Cited from cppref
std::when_any
is defined as follows:
template<class Sequence>
struct when_any_result
{
std::size_t index;
Sequence futures;
};
template<class InputIt>
auto when_any(InputIt first, InputIt last)
-> future<when_any_result<std::vector<
typename std::iterator_traits<InputIt>::value_type>>>;
template<class... Futures>
auto when_any(Futures&&... futures)
-> future<when_any_result<std::tuple<std::decay_t<Futures>...>>>;
What makes me confused is why does the last form not use std::vector
as its result type?
The result contains an index
field, which can be used to retrieve the ready future. To me, std::tuple
is hard to iterate via index
at run-time, but std::vector
is easy to do so.
Is there any rationale behind for such a design?

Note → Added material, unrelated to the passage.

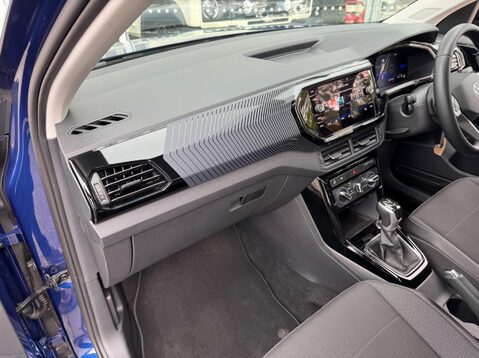 Volkswagen T-Cross BLACK EDITION TSI DSG 15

This InputIt first, InputIt last
is an iterator range. It defines an input range over a sequence of elements of the same type.
This Futures&&... futures
is a variadic template. It defines a series of parameters of potentially different types.
Both of these restrict their input values to some form of future, but the latter one can take different kinds of futures that result in different types of values. A vector<T>
is a homogeneous container; it cannot represent values of different types (unless it's a vector<any>
, but that just makes it cumbersome and inefficient to use).